■ YOUR TASK
Going down the data below, set down exactly the line with "I hope you guys" and each line after it through the line with "The next one"; no other lines.

■ AVAILABLE DATA
◆ ◆ ◆
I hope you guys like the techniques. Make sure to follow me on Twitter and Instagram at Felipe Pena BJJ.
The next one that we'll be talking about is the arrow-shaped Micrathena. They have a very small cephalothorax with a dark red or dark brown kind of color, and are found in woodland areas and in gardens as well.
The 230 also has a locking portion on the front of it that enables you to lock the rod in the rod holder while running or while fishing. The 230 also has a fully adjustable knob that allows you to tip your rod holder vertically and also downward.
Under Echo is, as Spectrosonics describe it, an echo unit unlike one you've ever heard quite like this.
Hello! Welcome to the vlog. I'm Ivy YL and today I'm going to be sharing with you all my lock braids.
◆ ◆ ◆
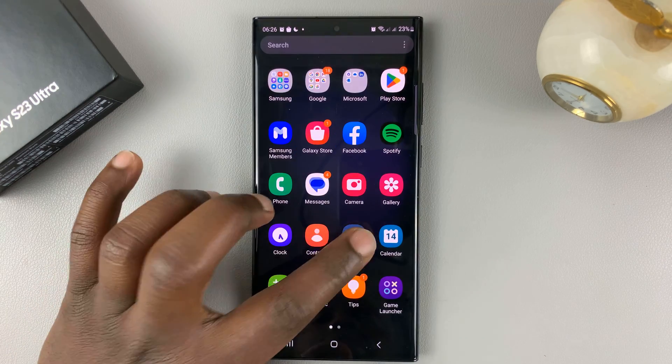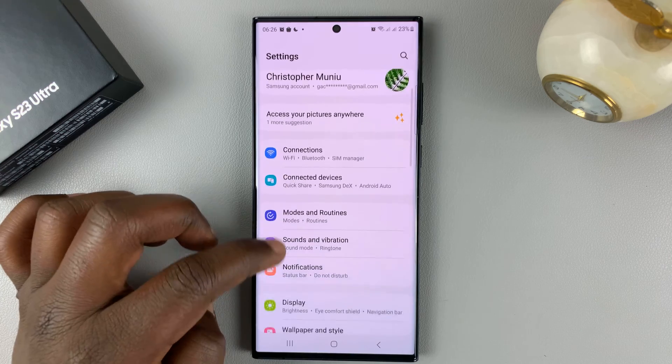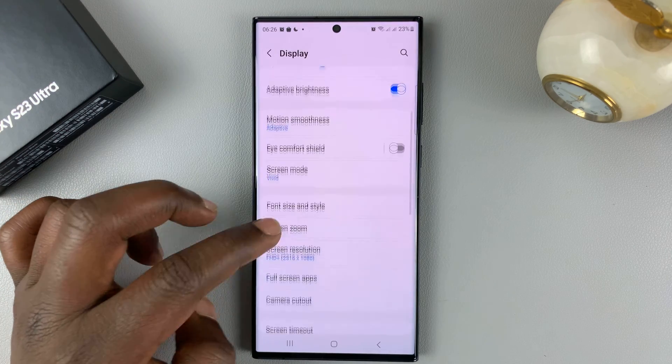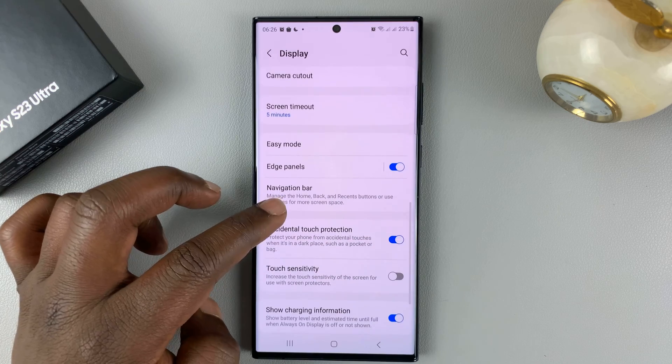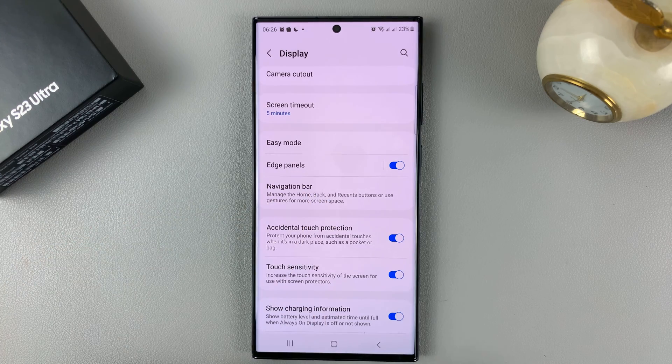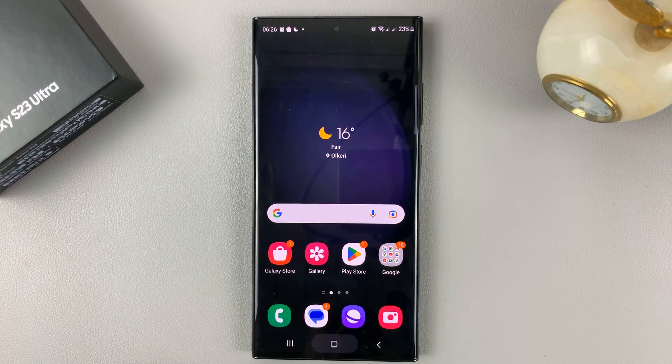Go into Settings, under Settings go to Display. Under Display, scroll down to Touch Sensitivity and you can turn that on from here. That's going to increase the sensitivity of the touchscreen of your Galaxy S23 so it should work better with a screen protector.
◆ ◆ ◆
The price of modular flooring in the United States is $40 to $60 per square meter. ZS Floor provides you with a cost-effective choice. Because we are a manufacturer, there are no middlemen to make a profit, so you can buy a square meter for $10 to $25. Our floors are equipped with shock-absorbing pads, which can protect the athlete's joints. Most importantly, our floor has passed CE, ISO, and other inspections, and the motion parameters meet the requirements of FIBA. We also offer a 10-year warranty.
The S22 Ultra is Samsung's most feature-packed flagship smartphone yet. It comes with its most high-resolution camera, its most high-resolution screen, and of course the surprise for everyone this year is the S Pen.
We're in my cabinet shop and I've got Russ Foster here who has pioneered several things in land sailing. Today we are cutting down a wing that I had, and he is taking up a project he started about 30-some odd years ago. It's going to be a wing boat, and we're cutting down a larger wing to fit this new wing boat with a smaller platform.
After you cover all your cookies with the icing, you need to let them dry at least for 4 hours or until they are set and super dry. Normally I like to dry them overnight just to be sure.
◆ ◆ ◆
■ PROBLEM SOLUTION
I hope you guys like the techniques. Make sure to follow me on Twitter and Instagram at Felipe Pena BJJ.
The next one that we'll be talking about is the arrow-shaped Micrathena. They have a very small cephalothorax with a dark red or dark brown kind of color, and are found in woodland areas and in gardens as well.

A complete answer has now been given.